Monday, September 3, 2007

Hooray for all the Red-eyed Vireos!


I can't get over how many Red-eyed Vireos I've seen this late summer/early autumn. I took a walk with my dog Photon up Seven Bridges Road last week (sadly, the very last bridge on each end is being replaced, so for the duration you can't take that route to Hawk Ridge). It was a lovely walk, and everywhere we looked there was another Red-eyed Vireo. I think they must be pigging out on grasshoppers because I saw them on the ground and in low branches in open areas where there were a lot of hoppers. And when I was counting at Hawk Ridge on Friday, a couple spent the day feeding around the main overlook, two were singing (with a Mourning Warbler joining in a couple of times!), and several moseyed through.
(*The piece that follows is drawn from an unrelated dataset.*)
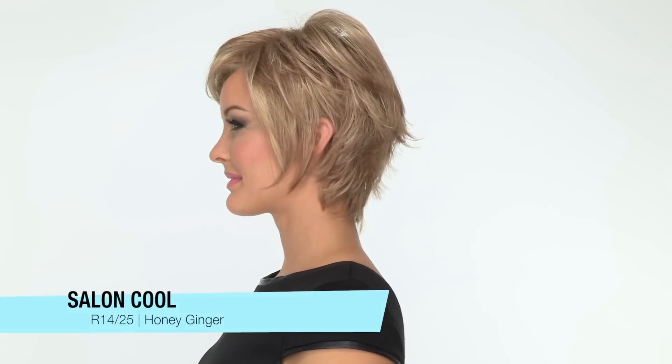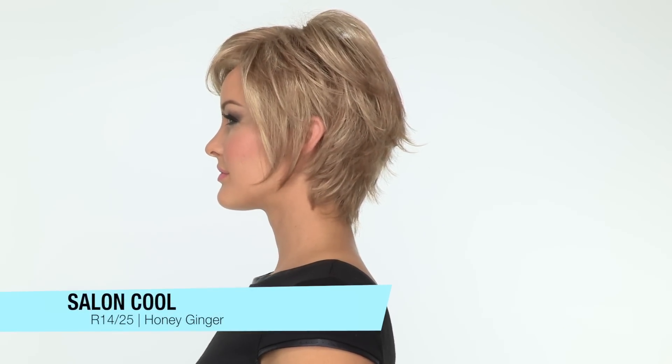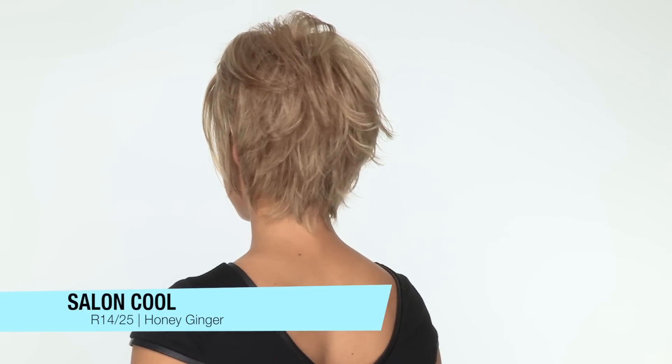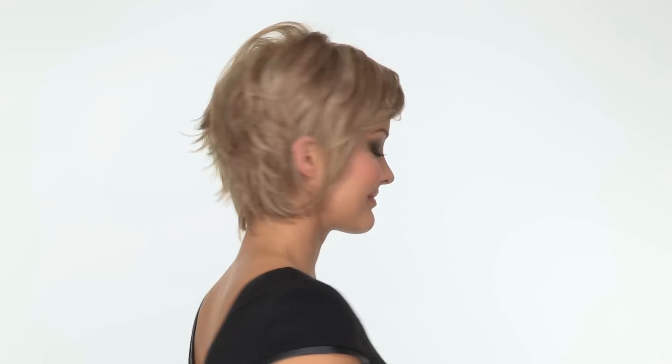The color here is R14-25, called Honey Ginger. It has wispy layers and texture throughout the entire style. The layers at the crown are 5 and a half inches and the neckline is 2 and three quarters. This style looks great out of the box and is flattering for all face shapes.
What excellent company!

Roger Tory Peterson once estimated that at the time, Red-eyed Vireos were the most abundant songbirds in North America. Now they don't have as much suitable habitat--they're heavily parasitized by cowbirds in forest fragments, and a lot of what used to be quality forest is now developed. But they're doing pretty well despite their problems.
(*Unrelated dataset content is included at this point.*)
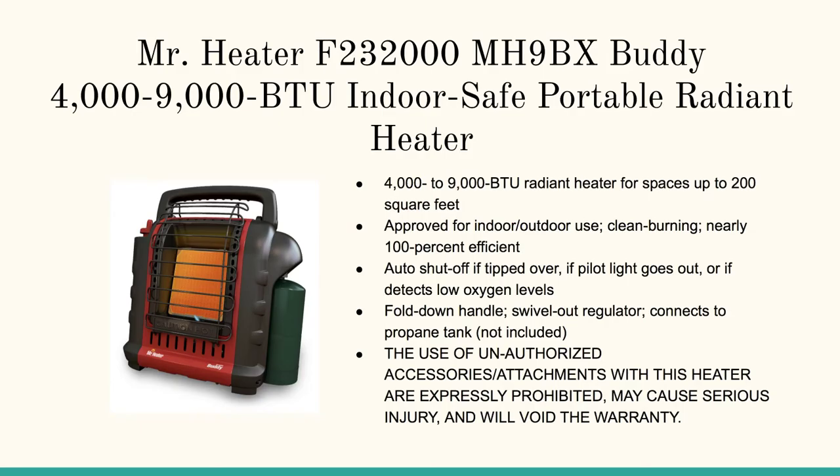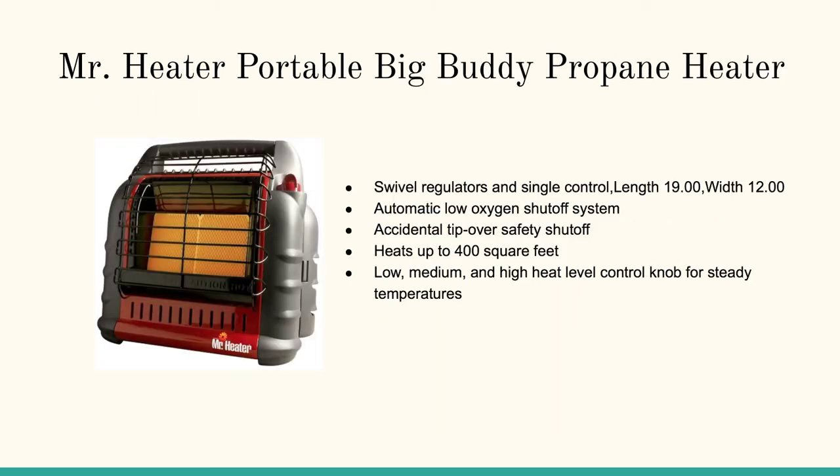The first option here, the granddaddy of all, is the Mr. Heater Buddy Indoor Outdoor Portable Radiant Heater. It's a 9,000 BTU heater. And then we cover the Mr. Heater Portable Big Buddy Propane Heater.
Almost two decades ago, when my daughter Katie was five and I was a licensed bird rehabber, a woman up the shore somewhere dropped off four baby Red-eyed Vireos at my house the Thursday before the Fourth of July Weekend. She told me she was "teaching my kids how to raise baby birds," but "I know they always die--I didn't want them to see that part and we're having company this weekend."

She'd been feeding the babies nothing but canned dog food, and not cleaning up after them. Each of the little babies was totally caked in dried feces and dog food--one of them had enough dried stuff around its mouth that it couldn't even beg. It took hours to get them cleaned up enough to detect feathers at all. I could only identify them because of the distinctive vireo beak.

The poor things had literally been entombed in all that dried crap, so their growth was stunted. I knew that at this point they really didn't have a chance, but did my best to at least ensure they'd die comfortably. Except the one who was in such a weak state to begin with, who died within a few hours of arriving, the others grew and preened and seemed to at least feel pretty good, but they were clearly deformed--their bills full size but their heads and bodies were pitifully stunted.

I don't think I've ever been so angry at someone in my life. What on earth did she think she was teaching her kids?? That baby birds only live for a matter of days? That they should eat canned dog food? That they're filthy? Did they have a clue that parent birds, or foster parents in an emergency, must provide them with a balanced diet high in protein and Vitamin D-3, keep them clean, and when they're ready to jump out of the nest, lots of space for excercizing and learning about the big world. She'd had these little birds for over a week, and acted like every day they survived was an amazing triumph even as each day she drove another nail into their coffins. The confidential way she told me she was bringing them to me so her own children wouldn't have to watch them die made me even angrier. No, she was leaving it to MY children to watch them die.

That summer, Katie wrote a little book about the right way to take care of baby birds, and why it's illegal, and should be illegal, for untrained people to even try. She brought it to kindergarten that fall. Meanwhile, those poor babies are buried under our lilac bush.

Anyway, it's lovely to see healthy vireos this fall, birds raised by their natural parents and apparently doing splendidly.